La candidate RN, qui a misé sur le pouvoir d'achat pour se démarquer, sera parvenue à lisser son image, sans rien céder à la radicalité de son projet sur l'immigration ou l'islamisme. Vingt ans après l'émergence surprise de Jean-Marie Le Pen au second tour en 2002, jamais l'extrême droite ne s'est approchée à ce point du pouvoir sous la Ve République.
Elle améliore de quelque huit points son score de 2017, où elle avait recueilli 33,9% des voix. La candidate du RN arrive en particulier largement en tête aux Antilles et en Guyane, tempérant ainsi l'impression de succès pour le camp Macron.
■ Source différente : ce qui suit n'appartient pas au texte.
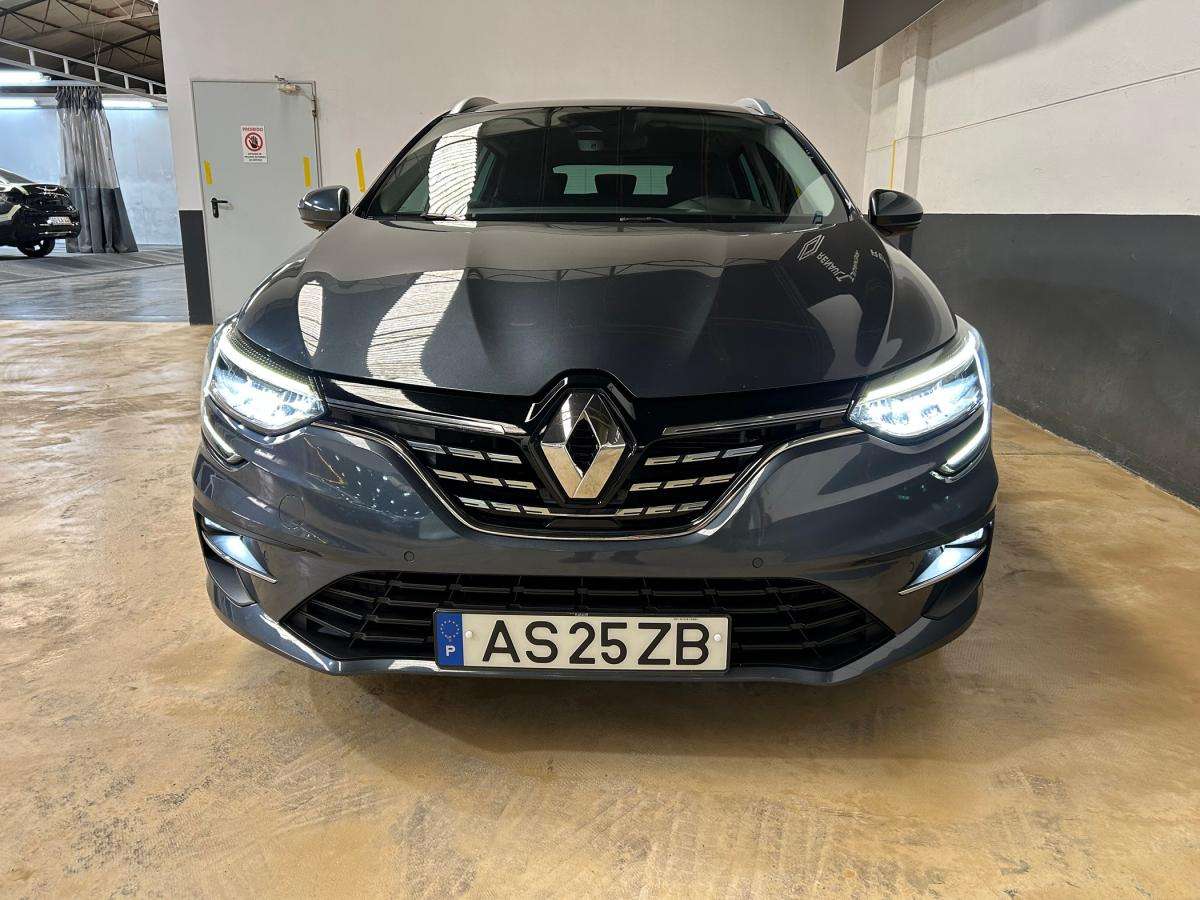 renault-megane-sport-tourer-2022-diesel-1461cc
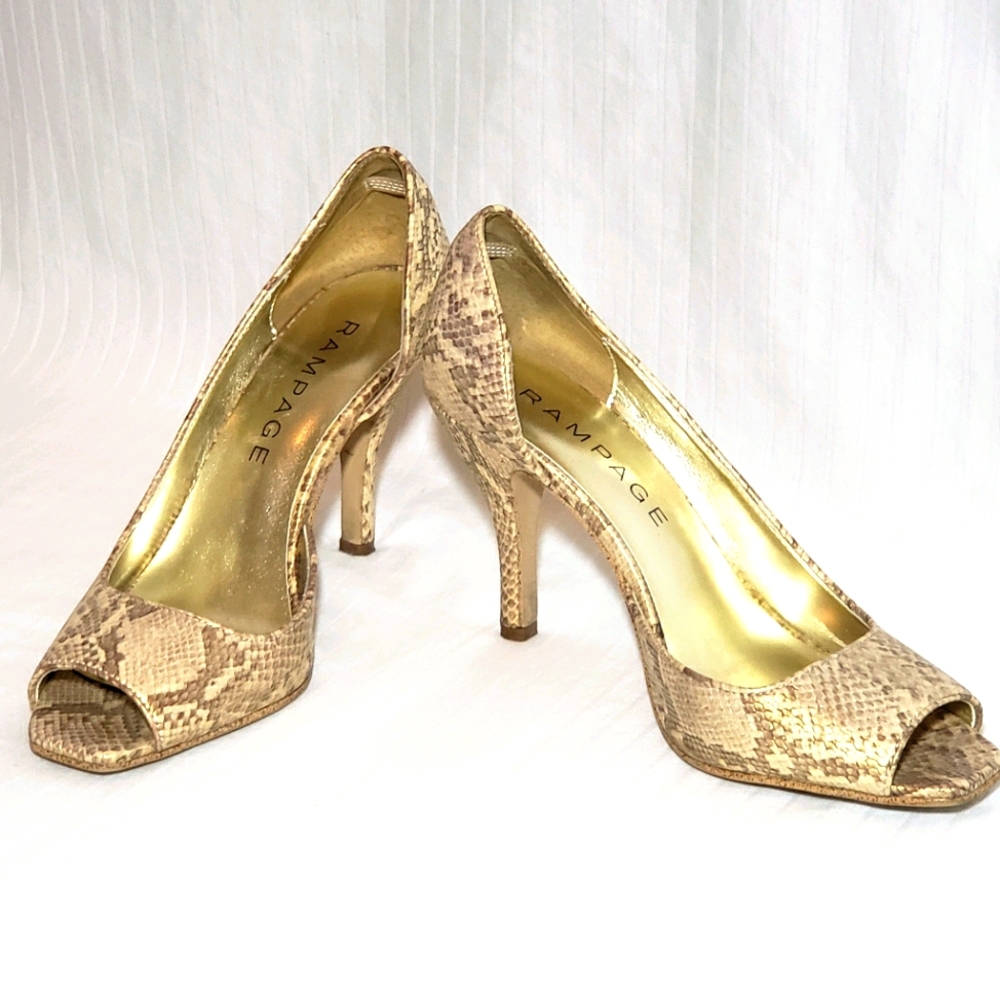 Rampage Women's Peep Toe Shoe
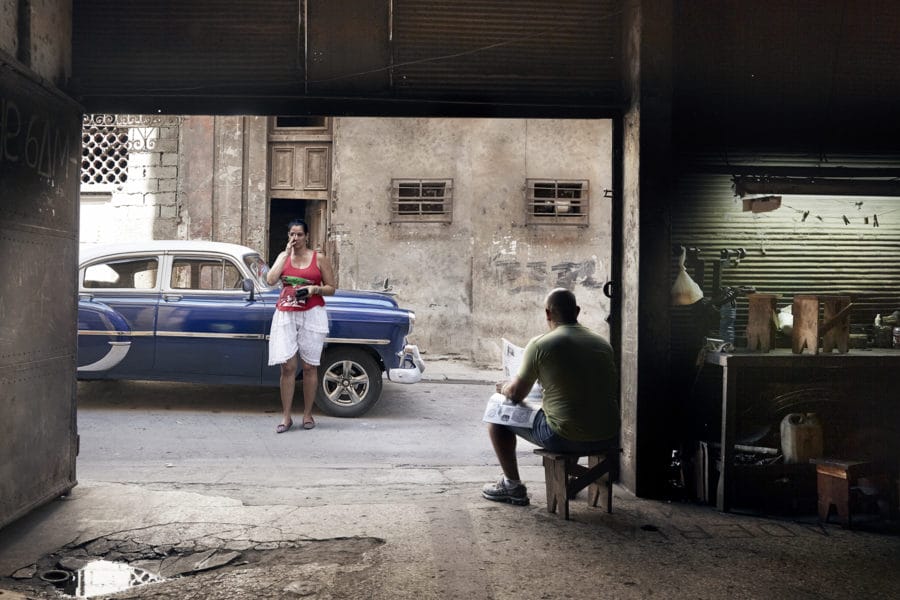 taxi en pleine rue de La Havane 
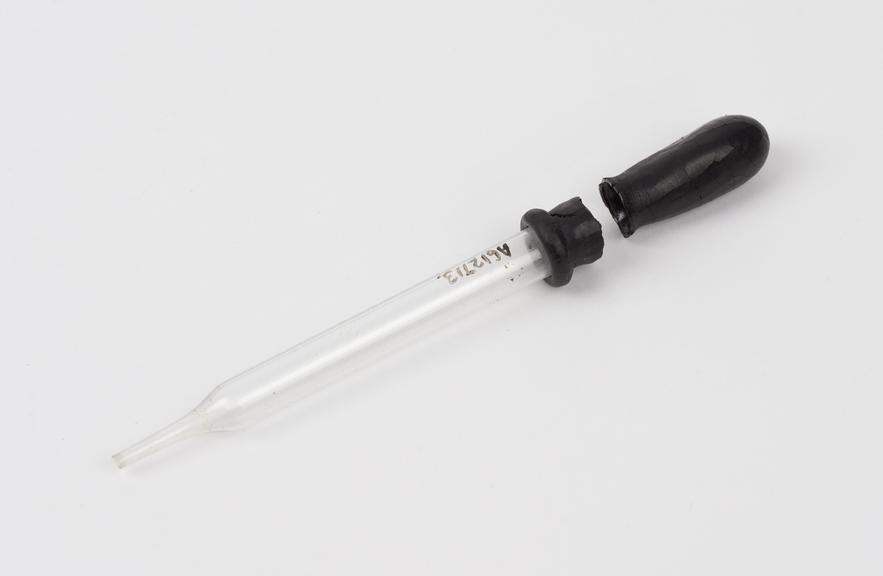 Teat pipette, glass and rubber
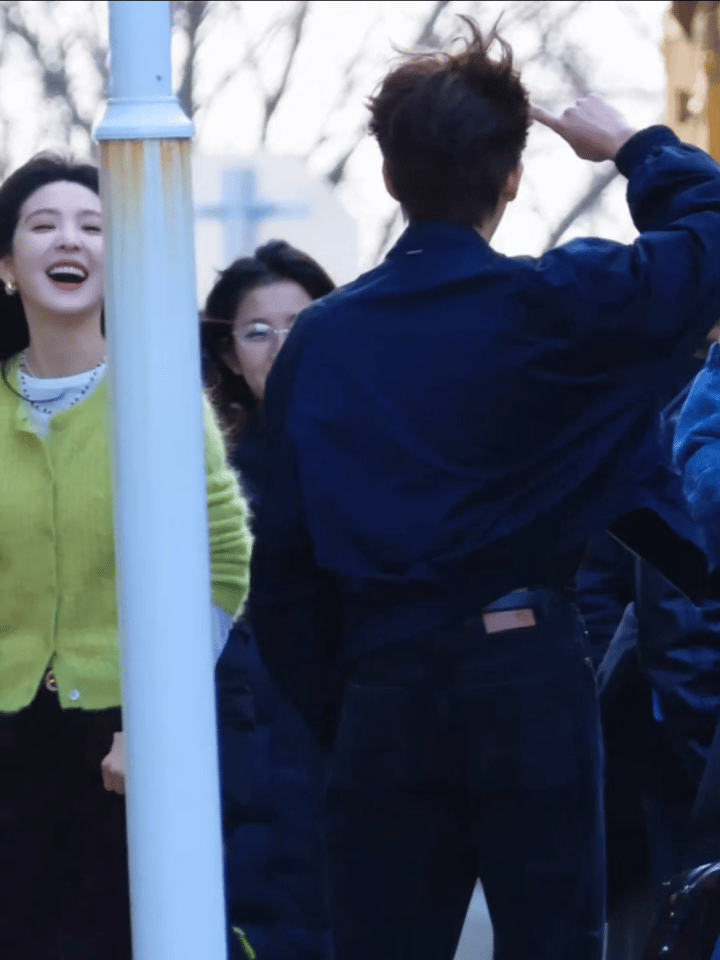 章若楠好有青春感，这件绿色毛衣太适合她了！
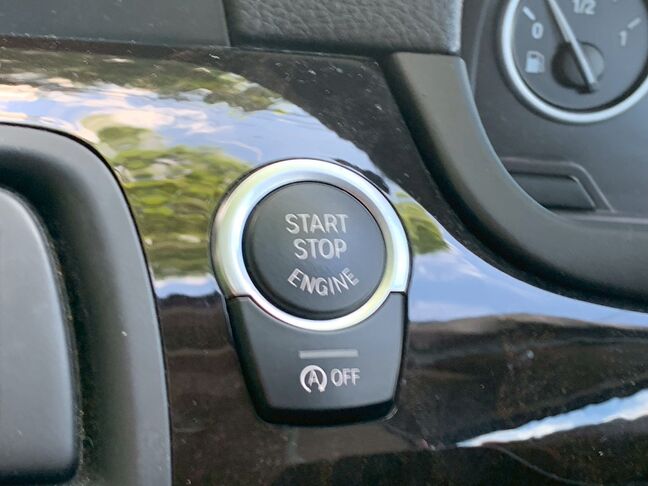 【廃車の無料引取り】当社は他社で購入された場合でも走行不能車や廃車の無料引き取り大歓迎です。「LINEでお問い合わせ」から車検証・車両の写真とご希望金額をお送りください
Mme Le Pen s'est, elle, réjouie de voir que "les idées" qu'elle représente "arrivent à des sommets pour un second tour de la présidentielle". Voyant même dans son score "une éclatante victoire" et la manifestation du "souhait" des Français d'"un contre-pouvoir fort à Emmanuel Macron", qu'elle avait eu au téléphone juste avant.
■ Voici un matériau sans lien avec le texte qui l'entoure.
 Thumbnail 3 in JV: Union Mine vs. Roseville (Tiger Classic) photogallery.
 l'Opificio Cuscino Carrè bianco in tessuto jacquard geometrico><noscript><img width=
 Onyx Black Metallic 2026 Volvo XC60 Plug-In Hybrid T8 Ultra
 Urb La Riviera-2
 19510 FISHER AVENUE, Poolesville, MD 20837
Réactions en chaîne à l'international
La réélection dimanche d'Emmanuel Macron à l'issue d'un second tour marqué par une progression de l'extrême droite a été applaudie dans les capitales européennes, qui ont souligné aussi les défis européens à venir pour le président français.
"Le plus mal élu"
En France, les réactions ne se sont pas faites attendre, avec une classe politique principalement soulagée. Avec toutefois des commentaires virulents, en particulier des candidats arrivés en 3e et 4e position du scrutin au premier tour.
Emmanuel Macron est "le plus mal élu des présidents de la Vème République", a estimé l'Insoumis Jean-Luc Mélenchon, arrivé en troisième position le 10 avril avec près de 22% des voix. Plusieurs centaines de manifestants, principalement des jeunes "antifascistes" et "anticapitalistes", ont protesté contre sa réélection dans quelques villes de France, avec des incidents à Rennes ainsi qu'à Paris.
À l'extrême droite, Eric Zemmour (7% au premier tour) a mis dès dimanche soir la pression sur Marine Le Pen, affirmant que "c'est la huitième fois que la défaite frappe le nom de Le Pen". "Le bloc national doit s'unir et se rassembler", a-t-il déclaré.
Pour l'ex-candidat EELV Yannick Jadot, "le pire est évité mais le pays est plus divisé que jamais". Pour lui, le combat n'est pas terminé. "Aux législatives, construisons le meilleur: l'alternative pour le climat, la justice sociale et la démocratie. Tout reste à faire".
"Le troisième tour commence ce soir", a de son côté lancé Jean-Luc Mélenchon, en demandant de nouveau aux Français de l'"élire Premier ministre". Elle a immédiatement lancé "la grande bataille électorale des législatives", qui auront lieu les 12 et 19 juin.
La course présidentielle terminée, s'ouvre maintenant la campagne des législatives où le chef de l'Etat essaiera de conserver sa majorité. Une gageure selon deux sondages publiés dimanche, puisqu'une majorité de Français ne souhaiteraient pas le voir remporter ce scrutin.
Ce clivage est cependant loin de satisfaire les Français comme en témoigne le niveau de l'abstention, estimé à 28%, un record depuis la présidentielle de 1969 (31%). Le contingent des votes blancs et nuls a atteint 6,5% (environ 3 millions), soit un niveau élevé mais moins important que le score inédit de 2017 (4 millions).
Un autre "troisième tour" pourrait avoir lieu aussi dans la rue, où risquent de converger dès le 1er mai tous les insatisfaits du scrutin présidentiel.